Sobre a promoção internacional do Euro 2004. Anunciam os jornais do fim de semana que a campanha interna e externa para a promoção Euro 2004 vai custar 3 milhões de euros, ou seja, 600 mil contos.

Seiscentos mil contos dá para fazer uma campanha fortíssima em Portugal, uma campanha jeitosinha em Espanha ou uma campanha invisível na Europa. Parece muito dinheiro, mas não é.

Se bem me recordo, o orçamento publicitário para a Expo 98 de Lisboa ascendeu a cerca de 8 milhões de contos. Em contrapartida, o da Expo 92 de Sevilha montou a 80 milhões de contos.

Estamos aqui, mais uma vez, confrontados com uma realidade que custa muito a entrar nas nossas cabeças: o país não tem dimensão nem, por conseguinte, recursos para fazer investimentos publicitários internacionais que se vejam. É claro que a raiz desta teimosia cega em persistir num caminho que custa dinheiro mas não nos traz nem fama nem glória reside na tentativa de nos colocarmos no mesmo patamar de visibilidade e projecção que a Espanha, um propósito antecipadamente votado ao fracasso, tal a diferença de escala entre os dois países.

Também segundo os jornais do fim de semana, a campanha internacional vai decorer nos meses de Outubro e Novembro, nomeadamente com anúncios duplos nas páginas das revistas Time, Newsweek, The Economist, Business Week e International Herald Tribune. Seria muito interessante ter acesso à avaliação deste plano de media mas, na sua ausência, dá vontade de perguntar duas coisas: a) Porque é que o plano privilegia publicações americanas (4 em 5), embora se subentenda que o anúncio só sairá nas edições distribuidas na Europa?; b) Que espécie de afinidade existe entre os leitores destas publicações e as pessoas que se interessam por futebol?; c) Porque é que não foram antes seleccionadas publicações desportivas?

Estas perguntas fazem especialmente sentido porque a campanha (cujo slogan é «In Portugal, extra time is always the best part of the game») é orientada para persuadir os adeptos do futebol que tencionam deslocar-se a Portugal a ficarem mais uns dias para conhecerem o país. Naturalmente, estas pessoas lêem mais La Marca ou L’Équipe do que The Economist.

Sucede, porém, que as minhas perguntas são retóricas, porque eu já sei a resposta. Muito provavelmente, a agência de meios que preparou o plano pensou nas mesmas coisas que eu, e noutras do estilo. Pura e simplesmente, o orçamento que lhes foi indicado não era suficiente para fazer um bom plano de meios.

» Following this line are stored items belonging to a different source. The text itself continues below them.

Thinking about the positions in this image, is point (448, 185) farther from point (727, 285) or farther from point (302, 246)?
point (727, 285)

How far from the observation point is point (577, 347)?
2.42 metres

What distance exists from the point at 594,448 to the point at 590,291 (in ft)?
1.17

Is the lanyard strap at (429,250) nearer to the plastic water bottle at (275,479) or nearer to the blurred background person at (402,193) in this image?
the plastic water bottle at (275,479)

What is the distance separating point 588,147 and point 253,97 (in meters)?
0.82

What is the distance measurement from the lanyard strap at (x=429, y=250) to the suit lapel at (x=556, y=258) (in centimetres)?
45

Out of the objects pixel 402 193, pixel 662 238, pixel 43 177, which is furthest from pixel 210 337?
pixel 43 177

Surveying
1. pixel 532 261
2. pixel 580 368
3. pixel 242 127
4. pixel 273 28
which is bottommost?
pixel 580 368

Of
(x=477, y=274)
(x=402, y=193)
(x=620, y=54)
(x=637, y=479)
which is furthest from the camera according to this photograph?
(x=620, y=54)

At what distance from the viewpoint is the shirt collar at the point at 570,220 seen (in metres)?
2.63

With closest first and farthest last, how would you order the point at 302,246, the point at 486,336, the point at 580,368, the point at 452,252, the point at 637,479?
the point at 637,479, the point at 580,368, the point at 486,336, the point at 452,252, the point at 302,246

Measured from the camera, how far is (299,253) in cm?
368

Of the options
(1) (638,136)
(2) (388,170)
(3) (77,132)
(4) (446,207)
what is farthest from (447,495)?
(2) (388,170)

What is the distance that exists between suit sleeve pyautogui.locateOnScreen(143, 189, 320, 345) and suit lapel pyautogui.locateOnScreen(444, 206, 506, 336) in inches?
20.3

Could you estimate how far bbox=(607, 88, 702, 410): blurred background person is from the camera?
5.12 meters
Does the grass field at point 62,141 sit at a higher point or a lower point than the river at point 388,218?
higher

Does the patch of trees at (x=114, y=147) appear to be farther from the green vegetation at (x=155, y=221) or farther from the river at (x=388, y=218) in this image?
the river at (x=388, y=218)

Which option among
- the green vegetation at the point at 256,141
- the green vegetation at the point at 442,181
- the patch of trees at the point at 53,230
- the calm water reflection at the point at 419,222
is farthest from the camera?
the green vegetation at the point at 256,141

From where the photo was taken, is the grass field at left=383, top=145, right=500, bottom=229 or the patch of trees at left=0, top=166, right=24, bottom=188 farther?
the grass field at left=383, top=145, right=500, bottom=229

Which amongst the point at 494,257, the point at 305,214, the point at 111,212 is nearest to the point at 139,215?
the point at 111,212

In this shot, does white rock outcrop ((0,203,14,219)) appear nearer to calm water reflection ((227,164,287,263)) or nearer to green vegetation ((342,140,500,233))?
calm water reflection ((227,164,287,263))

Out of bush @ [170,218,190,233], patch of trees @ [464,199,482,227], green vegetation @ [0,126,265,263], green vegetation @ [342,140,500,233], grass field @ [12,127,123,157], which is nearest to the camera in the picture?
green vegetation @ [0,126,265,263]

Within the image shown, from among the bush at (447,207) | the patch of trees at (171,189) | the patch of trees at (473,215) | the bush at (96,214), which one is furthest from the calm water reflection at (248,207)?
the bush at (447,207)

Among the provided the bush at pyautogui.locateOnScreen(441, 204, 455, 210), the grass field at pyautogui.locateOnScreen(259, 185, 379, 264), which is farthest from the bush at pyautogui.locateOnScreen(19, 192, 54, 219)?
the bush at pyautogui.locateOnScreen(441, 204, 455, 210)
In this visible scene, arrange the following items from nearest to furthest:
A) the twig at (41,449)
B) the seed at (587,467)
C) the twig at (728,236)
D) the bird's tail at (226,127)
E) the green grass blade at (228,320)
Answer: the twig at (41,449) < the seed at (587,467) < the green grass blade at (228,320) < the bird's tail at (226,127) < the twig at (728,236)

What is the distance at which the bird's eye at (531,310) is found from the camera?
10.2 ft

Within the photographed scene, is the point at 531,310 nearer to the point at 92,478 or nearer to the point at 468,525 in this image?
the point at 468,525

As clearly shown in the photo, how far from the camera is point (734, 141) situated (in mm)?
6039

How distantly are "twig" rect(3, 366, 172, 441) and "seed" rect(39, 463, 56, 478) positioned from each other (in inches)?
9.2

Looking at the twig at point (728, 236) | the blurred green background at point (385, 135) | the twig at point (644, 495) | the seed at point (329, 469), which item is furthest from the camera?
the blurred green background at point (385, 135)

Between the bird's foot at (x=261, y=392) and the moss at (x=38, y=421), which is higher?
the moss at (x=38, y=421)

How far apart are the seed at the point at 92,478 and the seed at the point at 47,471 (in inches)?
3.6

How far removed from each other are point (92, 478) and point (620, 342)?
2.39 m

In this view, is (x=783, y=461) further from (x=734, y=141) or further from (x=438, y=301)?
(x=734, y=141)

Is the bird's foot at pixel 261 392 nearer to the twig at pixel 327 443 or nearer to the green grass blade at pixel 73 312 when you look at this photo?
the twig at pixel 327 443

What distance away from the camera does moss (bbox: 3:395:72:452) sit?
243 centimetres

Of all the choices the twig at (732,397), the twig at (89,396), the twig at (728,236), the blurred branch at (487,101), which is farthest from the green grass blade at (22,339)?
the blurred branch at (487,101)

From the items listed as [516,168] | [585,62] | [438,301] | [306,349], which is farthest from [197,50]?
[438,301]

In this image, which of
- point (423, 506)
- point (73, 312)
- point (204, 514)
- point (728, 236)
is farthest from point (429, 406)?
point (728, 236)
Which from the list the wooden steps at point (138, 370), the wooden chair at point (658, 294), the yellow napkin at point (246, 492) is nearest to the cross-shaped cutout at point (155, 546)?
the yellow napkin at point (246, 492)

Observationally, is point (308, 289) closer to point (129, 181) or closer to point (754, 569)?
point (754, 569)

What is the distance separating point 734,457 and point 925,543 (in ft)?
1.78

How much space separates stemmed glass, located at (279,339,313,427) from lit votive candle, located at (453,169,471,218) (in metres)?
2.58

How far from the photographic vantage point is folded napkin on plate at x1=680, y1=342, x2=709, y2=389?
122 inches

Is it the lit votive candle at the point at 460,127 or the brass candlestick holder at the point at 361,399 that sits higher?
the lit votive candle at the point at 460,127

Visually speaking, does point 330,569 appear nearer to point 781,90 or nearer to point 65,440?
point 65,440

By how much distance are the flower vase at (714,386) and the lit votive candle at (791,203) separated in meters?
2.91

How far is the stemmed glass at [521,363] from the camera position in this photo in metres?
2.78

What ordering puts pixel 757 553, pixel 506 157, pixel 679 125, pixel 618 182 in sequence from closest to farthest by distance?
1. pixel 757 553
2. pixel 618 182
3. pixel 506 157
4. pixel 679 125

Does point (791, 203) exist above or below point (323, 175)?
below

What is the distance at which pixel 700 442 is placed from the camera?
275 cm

Temos, assim, mais uma campanha internacional que vai ter um impacto negligenciável. É lícito concluir, portanto, que só se faz esta campanha para, cá dentro, os portugueses acharem que se está a fazer alguma coisa. Não fosse assim, teríamos toda a imprensa e toda a oposição a gritarem que o governo não faz nada para promover o Euro 2004.

Ora eu acho que tudo isto se baseia numa grande incompreensão do que é o Euro 2004 e das vantagens que tem para o país. A própria ideia de que é preciso investir para promover o Euro 2004 é absurda, dado que esse evento se promove a si próprio. Tal como, em 2001 e 2002, todos em Portugal sabíamos que a nossa selecção lutava para se qualificar para o Mundial da Coreia e do Japão, lá fora já toda a gente sabe que as respectivas selecções procuram apurar-se para o Euro de Portugal. Quem tiver dúvidas pode tirá-las ligando de vez em quando o canal Eurosport.

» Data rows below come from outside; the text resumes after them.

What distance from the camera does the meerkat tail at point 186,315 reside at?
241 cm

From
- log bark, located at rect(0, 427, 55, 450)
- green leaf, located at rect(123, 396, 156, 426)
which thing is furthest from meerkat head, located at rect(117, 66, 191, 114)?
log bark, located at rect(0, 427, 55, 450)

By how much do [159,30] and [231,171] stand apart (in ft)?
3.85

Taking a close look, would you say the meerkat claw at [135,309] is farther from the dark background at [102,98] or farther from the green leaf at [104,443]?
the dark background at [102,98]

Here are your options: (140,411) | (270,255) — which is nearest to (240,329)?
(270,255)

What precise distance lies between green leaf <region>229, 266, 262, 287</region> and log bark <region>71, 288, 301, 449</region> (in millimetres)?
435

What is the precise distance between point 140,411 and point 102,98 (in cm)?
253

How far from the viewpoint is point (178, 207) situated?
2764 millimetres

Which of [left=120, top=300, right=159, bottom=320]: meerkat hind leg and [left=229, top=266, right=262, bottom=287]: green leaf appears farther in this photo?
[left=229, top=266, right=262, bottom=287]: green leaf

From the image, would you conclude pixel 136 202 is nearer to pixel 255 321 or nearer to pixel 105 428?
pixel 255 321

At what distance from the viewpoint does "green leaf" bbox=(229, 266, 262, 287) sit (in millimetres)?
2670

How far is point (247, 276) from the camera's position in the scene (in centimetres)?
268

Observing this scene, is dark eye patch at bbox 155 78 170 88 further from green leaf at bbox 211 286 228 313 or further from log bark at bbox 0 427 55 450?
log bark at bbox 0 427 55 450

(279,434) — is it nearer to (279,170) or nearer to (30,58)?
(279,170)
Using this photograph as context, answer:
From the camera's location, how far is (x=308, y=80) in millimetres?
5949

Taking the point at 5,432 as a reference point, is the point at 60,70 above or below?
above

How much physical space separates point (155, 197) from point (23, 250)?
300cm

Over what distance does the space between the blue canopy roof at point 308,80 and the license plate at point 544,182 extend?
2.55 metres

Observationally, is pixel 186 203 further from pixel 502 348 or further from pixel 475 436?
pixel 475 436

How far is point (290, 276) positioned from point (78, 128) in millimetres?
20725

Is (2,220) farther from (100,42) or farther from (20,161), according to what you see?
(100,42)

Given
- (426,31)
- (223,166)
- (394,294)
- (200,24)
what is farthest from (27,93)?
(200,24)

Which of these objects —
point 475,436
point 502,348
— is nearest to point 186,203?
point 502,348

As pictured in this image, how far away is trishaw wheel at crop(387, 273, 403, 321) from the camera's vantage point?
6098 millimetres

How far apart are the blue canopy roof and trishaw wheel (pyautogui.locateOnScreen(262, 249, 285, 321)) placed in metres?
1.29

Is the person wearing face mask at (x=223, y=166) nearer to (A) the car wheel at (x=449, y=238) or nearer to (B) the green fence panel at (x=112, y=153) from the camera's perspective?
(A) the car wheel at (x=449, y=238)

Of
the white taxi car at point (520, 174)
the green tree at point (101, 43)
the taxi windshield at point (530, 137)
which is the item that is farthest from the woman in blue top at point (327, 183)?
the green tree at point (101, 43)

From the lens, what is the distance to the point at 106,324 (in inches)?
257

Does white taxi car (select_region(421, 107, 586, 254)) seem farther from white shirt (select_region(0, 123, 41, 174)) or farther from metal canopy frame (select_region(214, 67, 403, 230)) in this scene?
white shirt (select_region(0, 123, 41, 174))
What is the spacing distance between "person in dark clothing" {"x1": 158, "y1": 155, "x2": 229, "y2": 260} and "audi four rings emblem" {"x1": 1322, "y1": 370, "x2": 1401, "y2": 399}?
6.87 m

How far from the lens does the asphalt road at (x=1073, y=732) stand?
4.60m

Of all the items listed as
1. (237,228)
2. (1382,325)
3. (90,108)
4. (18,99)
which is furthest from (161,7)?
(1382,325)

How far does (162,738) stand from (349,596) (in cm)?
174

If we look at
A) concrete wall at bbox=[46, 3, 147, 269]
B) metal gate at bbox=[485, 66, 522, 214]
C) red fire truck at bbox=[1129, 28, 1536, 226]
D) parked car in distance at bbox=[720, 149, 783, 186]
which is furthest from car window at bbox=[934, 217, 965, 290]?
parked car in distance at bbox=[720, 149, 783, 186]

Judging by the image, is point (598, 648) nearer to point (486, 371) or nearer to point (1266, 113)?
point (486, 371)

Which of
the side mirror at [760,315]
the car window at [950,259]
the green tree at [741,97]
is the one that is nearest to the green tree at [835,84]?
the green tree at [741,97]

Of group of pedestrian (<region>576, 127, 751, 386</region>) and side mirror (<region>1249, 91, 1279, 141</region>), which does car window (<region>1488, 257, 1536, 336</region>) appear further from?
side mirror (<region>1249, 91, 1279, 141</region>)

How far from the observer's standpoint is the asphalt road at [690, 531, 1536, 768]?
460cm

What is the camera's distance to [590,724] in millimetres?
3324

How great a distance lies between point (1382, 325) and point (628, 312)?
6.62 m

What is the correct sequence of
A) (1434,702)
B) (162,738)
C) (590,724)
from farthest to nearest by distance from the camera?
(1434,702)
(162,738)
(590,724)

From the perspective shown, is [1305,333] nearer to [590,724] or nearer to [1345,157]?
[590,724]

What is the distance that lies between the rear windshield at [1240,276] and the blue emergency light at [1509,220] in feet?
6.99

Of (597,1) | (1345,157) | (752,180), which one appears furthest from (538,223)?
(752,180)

Acresce que esta publicidade grátis (mais correcto seria chamar-lhe publicity) se prolonga ao longo de horas e horas durante meses e meses em dezenas de países. É preciso ter consciência de que os menos de 30 milhões de contos que o Estado português gastou no Euro 2004 não seriam suficientes para pagar o espaço publicitário de que o país assim beneficia.

Neste contexto, que valor têm os seiscentos mil contos que o ICEP vai gastar?

Uma resposta possível é que as meras menções a Portugal apenas afectam a notoriedade do país, ao passo que a publicidade permite trabalhar a sua imagem. Mas alguém acredita seriamente que uma campanha que só é vista por uma parte ínfima do público alvo, e ainda por cima tão poucas vezes, tem algum poder real para afectar positivamente a imagem do país? Claramente, uma campanha assim encontra-se abaixo do patamar mínimo de visibilidade.

Pode o Euro 2004 atrair muitos turistas a Portugal? Claro que sim, mas o efeito principal não resultará do acréscimo de receitas das pessoas que virão assistir a jogos e que poderão ficar mais uns dias. Esses serão, no máximo, umas dezenas de milhar, número insignificante num país que é visitado anualmente por milhões de estrangeiros.

O principal efeito do Euro resultará da maior visibilidade de que o país beneficiará durante um período de tempo concentrado. Essa visibilidade traduzir-se-á em maior saliência, e levará mais pessoas a colocaram Portugal entre os possíveis destinos de férias. É um bocadinho como pôr o país numa montra, que é o modo essencial como a publicidade funciona.

Pode portanto o governo estar descansado que o Euro 2004 vai aumentar significativamente as receitas turísticas, sem que para isso precise de fazer seja o que for.

9.9.03

Let’s go to Portugal, daddy! I heard they’re repositioning. Se não fosse a oportuna chamada de atenção de um amigo, ter-me-ía passado completamente despercebido o interessantíssimo artigo do Pedro Bidarra saído no Público do passado dia 28 de Agosto. Trata do modo como a publicidade do ICEP posiciona Portugal, um tema cuja importância não pode ser subestimada.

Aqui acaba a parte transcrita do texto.